Autoridades policiais, do Judiciário e de saúde pública de São Paulo iniciaram esta semana nova ofensiva de combate ao uso de drogas químicas, na tentativa de conter a epidemia de crack. Isso, um ano após a fracassada invasão da chamada cracolândia, que apenas dispersou os usuários por outros pontos da capital.

Agora, a ação repressiva prevê a internação compulsória, mesmo sem a concordância das famílias. O método, condenado pela Organização das Nações Unidas (ONU), embora aceito quando a pessoa internada “corre risco de morte”, gera críticas de estudiosos do assunto, que questionam sua eficácia.

Pesquisas por amostragem, em poder do Ministério da Justiça, dizem que a internação compulsória tem resultados positivos (a abstinência) em no máximo 6% dos casos. Já o tratamento espontâneo consegue esse efeito em até 30% dos internados.

De todo jeito, a nova experiência paulista, assim como os das áreas de proteção no Rio de Janeiro, pode até atenuar o problema aqui e acolá, mas nem trisca nas questões centrais das drogas. A começar pela legislação em vigor no Brasil, que é arcaica e rígida em aspectos banais e perniciosa em pontos viscerais.

As cadeias estão cheias de supostos traficantes de maconha, já os meios de comunicação estão repletos de propaganda de bebidas alcoólicas, com a advertência de que fazem mal à saúde. Marchamos contra a maré. Muitos países, como os vizinhos Argentina e Uruguai, liberaram a maconha, mas são duros com outras drogas.

Tampouco adianta internar alguns usuários de cocaína e crack se o grande tráfico dessas drogas seguir comendo solto nos aeroportos, rodovias e portos brasileiros. O crack não é um problema apenas das capitais ou grandes cidades. Está espalhado pelos mais remotos rincões do país, inclusive na zona rural.

Também é enorme sua presença em áreas de grande concentração de trabalhadores, como obras de construção civil e áreas portuárias. Nos portos, estudo do Governo Federal, que pretendia saber as razões do alto índice de acidentes de trabalho entre estivadores, revelou que a maioria deles trabalha chapada, ou seja, sob forte efeito de drogas.

E verdade, esses trabalhadores já não carregam mais sacos nas costas. Sua atividade principal é na locomoção e empilhamento de contêineres, entre os quais alguns repletos de drogas, que passam com documentação falsa e vistas grossas. Assim como nos navios só de passageiros, os cruzeiros, que sequer são vistoriados.

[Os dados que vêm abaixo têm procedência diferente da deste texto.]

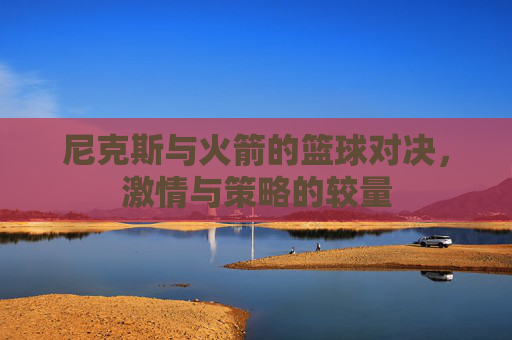 尼克斯与火箭的篮球对决，激情与策略的较量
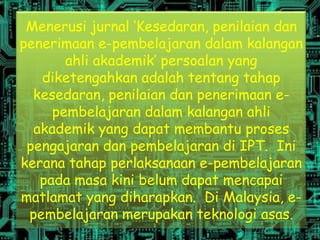 Menerusi jurnal ‘Kesedaran, penilaian dan
penerimaan e-pembelajaran dalam kalangan
       ahli akademik’ persoalan yang
   diketengahkan adalah tentang tahap
  kesedaran, penilaian dan penerimaan e-
     pembelajaran dalam kalangan ahli
  akademik yang dapat membantu proses
 pengajaran dan pembelajaran di IPT. Ini
kerana tahap perlaksanaan e-pembelajaran
   pada masa kini belum dapat mencapai
matlamat yang diharapkan. Di Malaysia, e-
 pembelajaran merupakan teknologi asas.
 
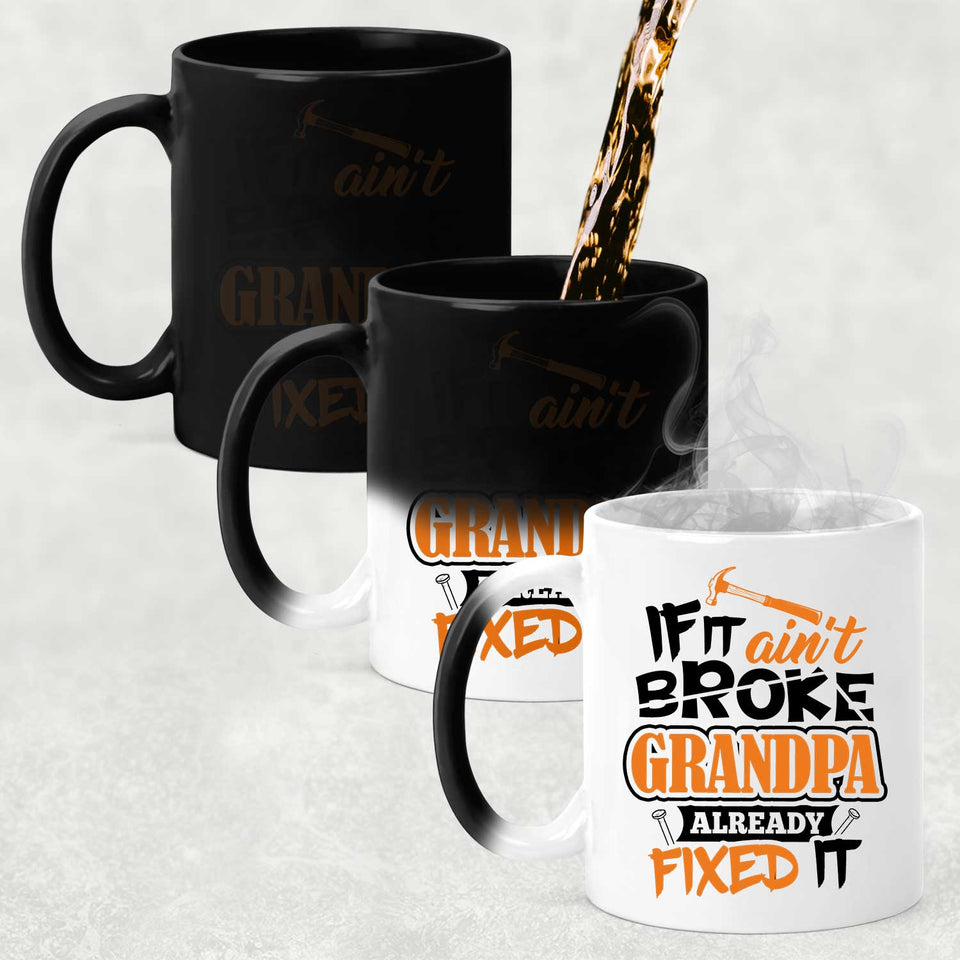 If It Ain't Broke, Grandpa Already Fixed It - 11 Oz Color Changing Mug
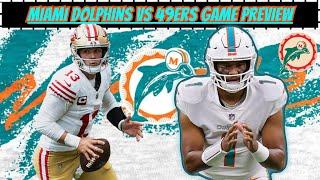 Miami Dolphins vs San Fransisco 49ers Game Preview | 2025 NFL Draft Discussion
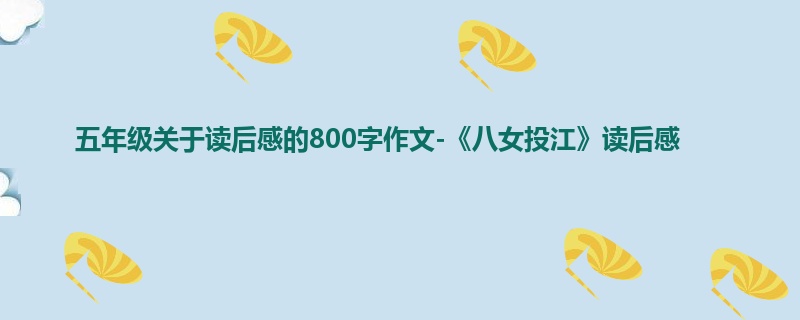 五年级关于读后感的800字作文-《八女投江》读后感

É incalculável o valor de uma tonelada de cocaína. Para se ter uma ideia, vale uma comparação com o caso de um bagrinho que acaba de cumprir dois anos de prisão, no Distrito Federal, por tráfico internacional. A meu pedido, ele fez umas contas que são assustadoras — ou encantadoras, dependendo do ponto de vista.

O pequeno traficante compra um quilo de cocaína na Bolívia por US$ 3.000,00 e o vende na Europa ou Oriente Médio, por exemplo, por US$ 40.000,00. Com esse dinheiro, o cara adquire 500 comprimidos de ecstasy, que é vendido aqui no país a R$ 8,00 cada. Ou seja, tira R$ 400.000,00 num quilo de coca.

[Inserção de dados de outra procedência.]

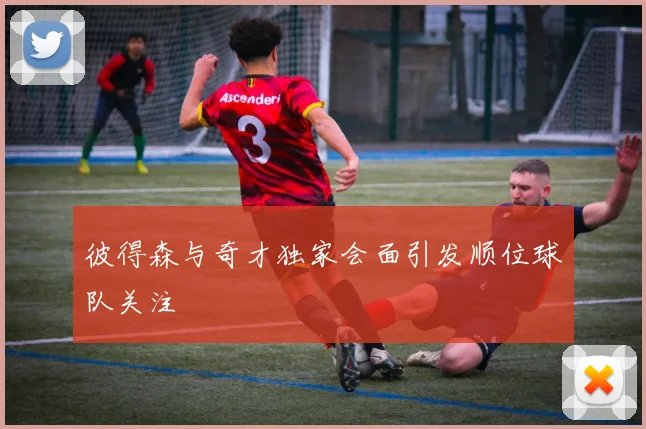 彼得森与奇才独家会面引发顺位球队关注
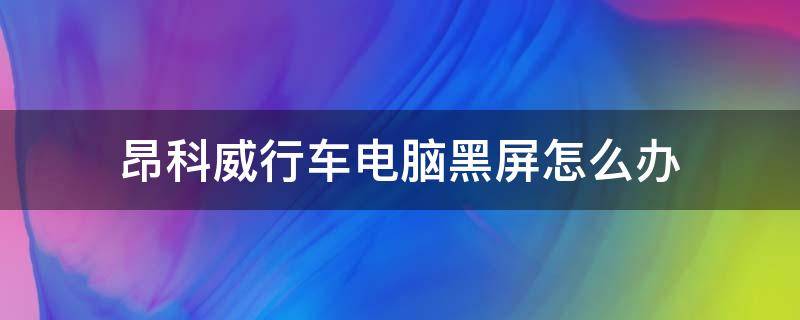 昂科威行车电脑黑屏怎么办 昂科威车机黑屏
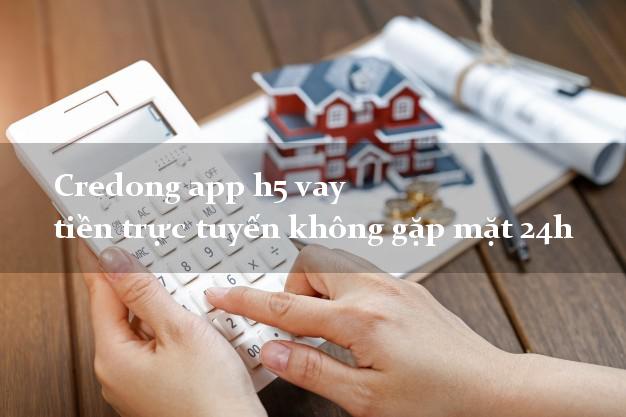 Credong app h5 vay tiền trực tuyến không gặp mặt 24h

Uma pessoa que se dispuser a servir de mula, como são chamadas aquelas que se dispõem a viajar apenas para levar droga, ganha em média US$ 2.000,00 líquidos para uma ida à Europa ou Oriente Médio. Essas são as mais fáceis presas da polícia mundo afora. O grande traficante, no entanto, nem aparece nas quebradas perigosas.

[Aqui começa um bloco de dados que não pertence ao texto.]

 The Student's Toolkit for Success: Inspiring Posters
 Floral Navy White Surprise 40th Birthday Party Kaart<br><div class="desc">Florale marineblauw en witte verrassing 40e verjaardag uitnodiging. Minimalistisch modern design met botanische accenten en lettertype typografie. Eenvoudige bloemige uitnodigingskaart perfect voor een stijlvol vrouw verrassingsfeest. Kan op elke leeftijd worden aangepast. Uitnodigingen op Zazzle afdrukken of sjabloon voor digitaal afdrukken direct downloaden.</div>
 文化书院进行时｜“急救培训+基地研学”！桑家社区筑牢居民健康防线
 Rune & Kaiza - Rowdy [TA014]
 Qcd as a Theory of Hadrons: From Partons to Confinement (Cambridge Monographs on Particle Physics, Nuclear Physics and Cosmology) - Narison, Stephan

É claro que há enormes diferenças no tratamento dado ao tema em cada região do mundo. Entre os países árabes, por exemplo, há a rigidez da Síria, que até pouco mais de uma década atrás tinha pena de morte aos traficantes, ou da Tunísia, logo ao lado, onde a droga é atração para o turista europeu e o tráfico corre solto.

O controle do consumo é, no fim das contas, uma forma de mostrar serviço. Já pegar o grande traficante envolve operações complexas, que dependem muito mais dos serviços de informações do que de batidas policiais. E carecem, também, de enorme apoio político.